• [WHAT IS EXPECTED]:
Only the pictures should be left out; repeat the rest of the data exactly.

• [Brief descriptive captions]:
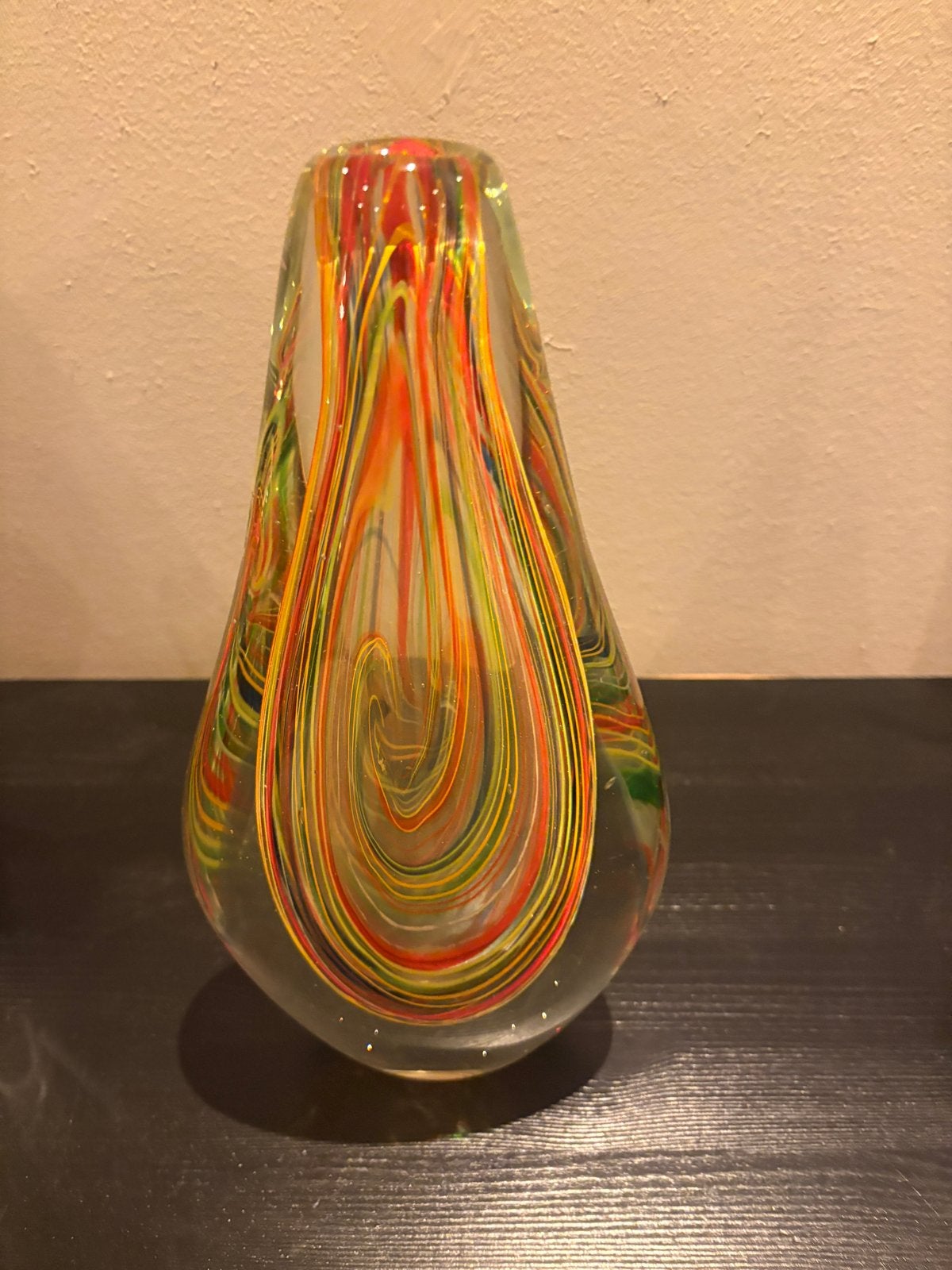 Kleurrijke glazen vaas met spiraalpatroon, Antiek en Kunst, Ophalen of Verzenden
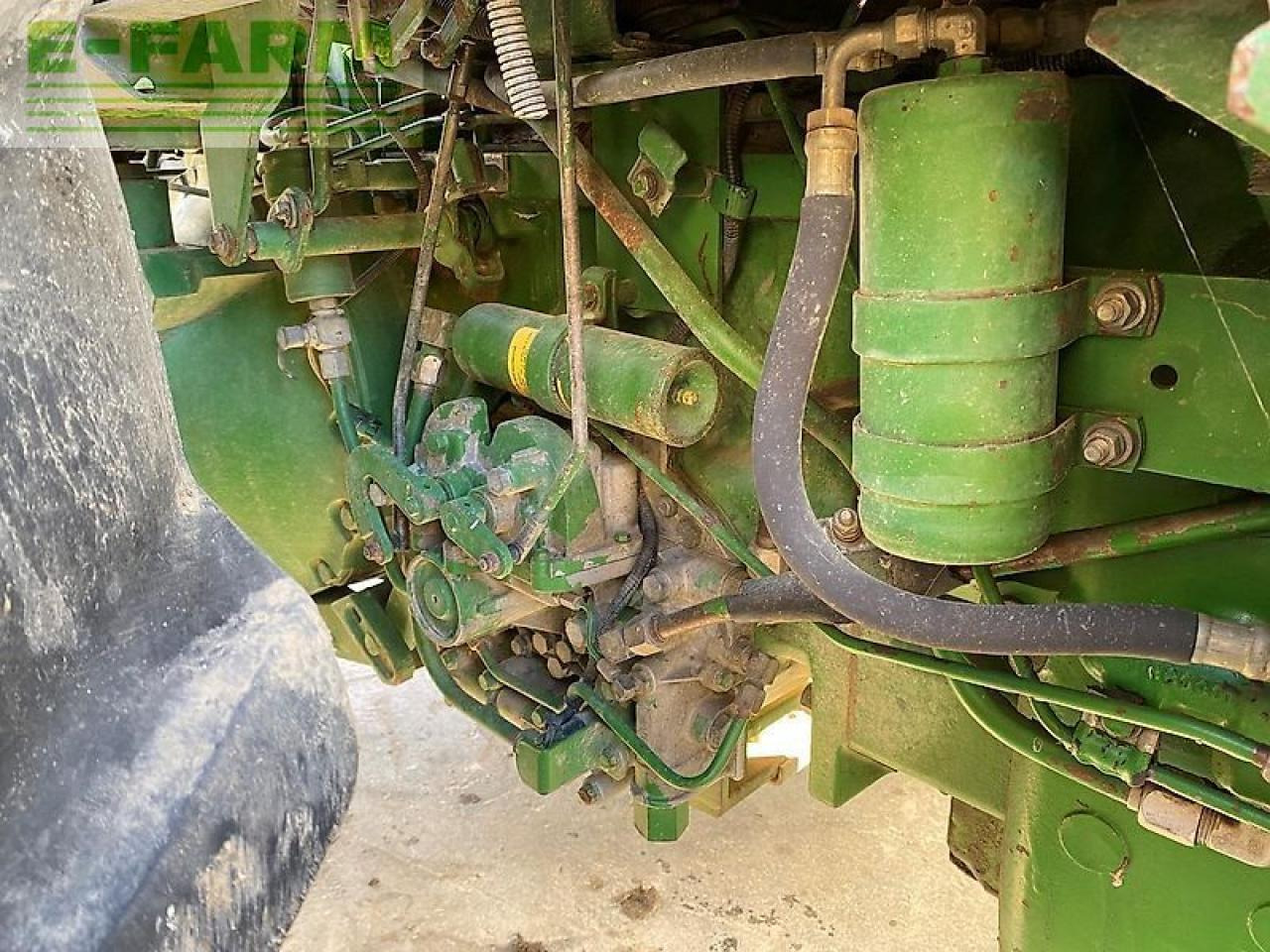 Farm tractor John Deere 4755: picture 7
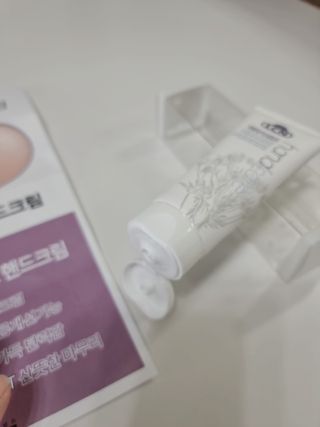 LCN(엘씨엔) LCN 리제너러티브 핸드크림 75ml 주름개선 고보습 재생핸드크림 — 5점을 준 리뷰어가 2022년 7월 올린 사용 사진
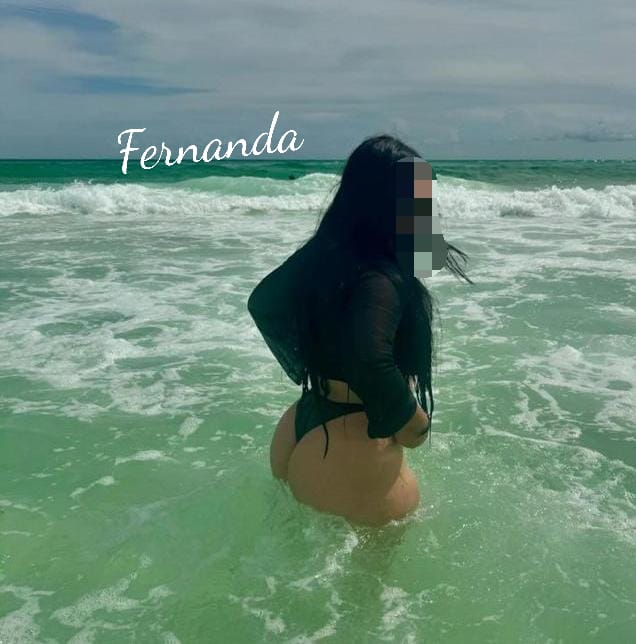 Fernanda jovencita estudiante nueva en la isla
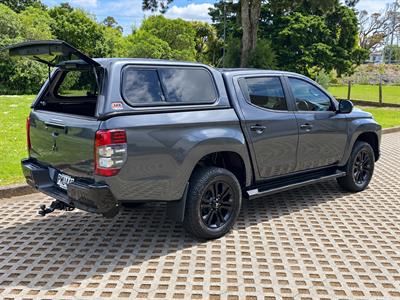 2022 Mitsubishi Triton - Thumbnail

• [RESULT]:
 Kleurrijke glazen vaas met spiraalpatroon, Antiek en Kunst, Ophalen of Verzenden
 Farm tractor John Deere 4755: picture 7
 LCN(엘씨엔) LCN 리제너러티브 핸드크림 75ml 주름개선 고보습 재생핸드크림 — 5점을 준 리뷰어가 2022년 7월 올린 사용 사진
 Fernanda jovencita estudiante nueva en la isla
 2022 Mitsubishi Triton - Thumbnail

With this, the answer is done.